Understanding self and others: new touristic, domestic, international practices and touristic promotion of the heritage in East Africa
Comprendre soi-même et l’autre : nouvelles pratiques touristiques, domestiques et internationales, nouvelles valorisations patrimoniales et touristiques en Afrique de l’Est
Published on Tuesday, December 17, 2013
Abstract
This symposium will gather researchers and professional actors of the tourism with different events (symposium, exposition, public conference, field day) around the theme of the new practices and forms of touristic and patrimonial promotion in East Africa. The touristic studies are fast growing in the main universities in East Africa with the emergence of new forms of tourism. Those countries are in their national construction and decentralization phase that vivify feeling of national belonging with territorial, regional or even ethnic resilience. Therefore the developing tourism of the natural and cultural heritage becomes a serious challenge for national and regional public policies.
Announcement
Symposium 15th- 18th July 2014, Nairobi, KENYA
Argument
In the East African Community’s countries, with some regional and national variants, one can notice new touristic practices with the rise of a domestic tourism and the diversification of the international touristic demand beyond or in complement of the dominant modes and models.
These new practices follow, reproduce, seize the dominant modes (destinations and consumptions: natural reserves, seaside resort, sites...) while modifying them and experimenting new paths (cultural, identity, memory, heritage tourism).

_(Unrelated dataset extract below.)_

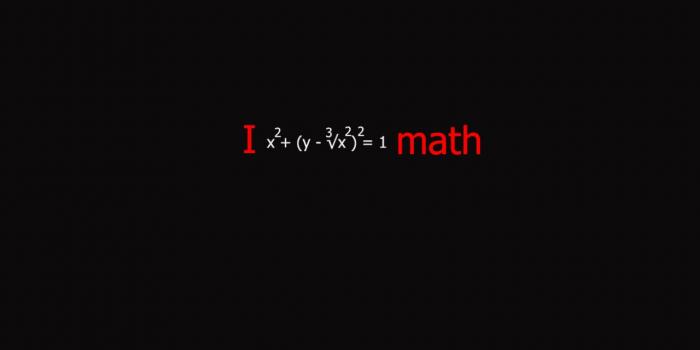 1280x1024 Free download geek mathematics black background math HD Wallpaper General  904739 [1680x1050] for your Desktop, Mobile & Tablet | Explore 48+ HD Geek  Wallpapers | Wallpapers for Geeks, Funny Nerdy Wallpapers, Best Nerd  Wallpapers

The new touristic policies of the States in the EAC try to take into account this new order, to respond to those expectations with patrimonial, museographic or eco touristic offers.

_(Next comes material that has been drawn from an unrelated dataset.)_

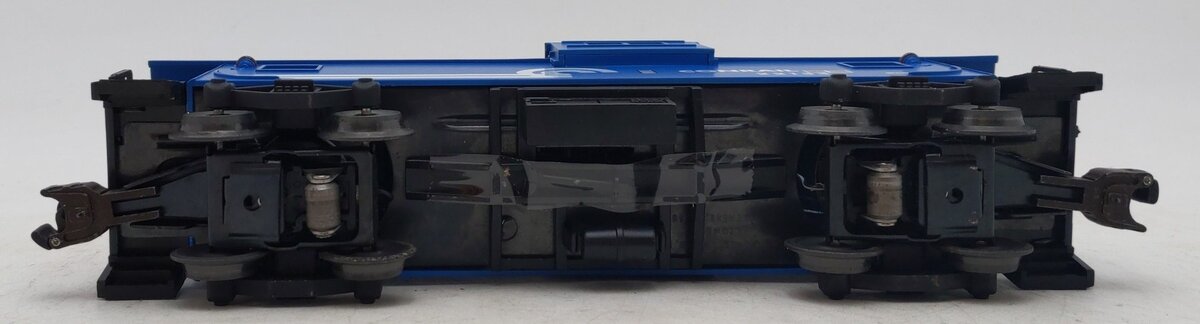 Lionel 6-17624 O Gauge Conrail Extended Vision Caboose #22133 EX/Box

Those new usages, with different effects (economic repercussions and impacts on the sites) highlight new publics, new customers: middle class, students, international tourists who spread new models, new consumptions (excursionist, associative, participative, memory based) but also new processes (native, equitable tourism).
Those new dimensions start to be analyzed: the rise of seaside destinations (invention of a specifically African seaside culture since 15 years), the frequentation of parks (a rising number of parks mainly visited by tourists and Kenyan students), the success of regional cultural sites of memory, commemorative museographic projects (from Rwandan genocide to the Mau Mau sites, sacred forests etc.)Those new dimensions deserve to be discussed, evaluated put into perspectives to the extent that they constitute or will constitute a touristic resource and also an economic one, in the national and regional level.
The poorly study angle is the cultural and political resonance of these new practices: self-awareness and awareness of the others and their impacts in the collective identities construction (local, regional, national, universal) but also their perversions (folklorisation, increasing tension over identity) and finally the choices in terms of promotion (museography, ecotourism) deserve to be addressed.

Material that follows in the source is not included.